PALEODEM/Palaeo-demographic-models

Repository files navigation

Palaeo-demographic-models

This repository contains all the scripts implemented to be applied in the article “Palaeo-demographic modelling demonstrates a population bottleneck during the Pleistocene-Holocene transition in Iberia".

Scripts are classified as follows:

1.- Exploratory analysis of data

*frequencies_histogram.py: Plots the frequency histogram of calibrated dates medians. Radiocarbon dates are imported from databases. It only takes into account filtered dates according an archaeological criteria. Dates with a certain percentage of marine source carbon-14 are calibrated with a mixture of atmospherical-marine curve.

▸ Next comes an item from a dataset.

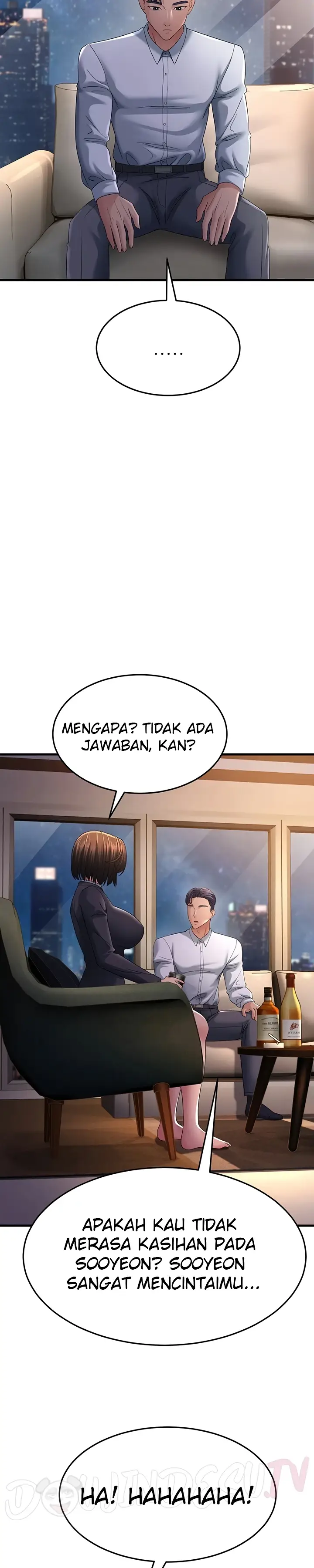 image-komik-mother-in-law-chapter-38-27/40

*Frequencies_histogram_type_sites: Plots the frequency histogram of calibrated dates medians. The Radiocarbon dates are imported from databases. It only takes into account filtered dates according an archaeological criteria. Dates with a certain percentage of marine source carbon-14 are calibrated with a mixture of atmospherical-marine curve. Dates coming from different sites type (Open sites, shelters, caves) are distinguished with different colors.

*SPD_curve.py: This code generates a plot of the Sum of Probabilities Distribution (SPD) of a collection of dates stored in datasets called as an input. It only takes into account filtered dates according an archaeological criteria. Dates with a certain percentage of marine source carbon are calibrated with a mixture of atmospherical-marine curve.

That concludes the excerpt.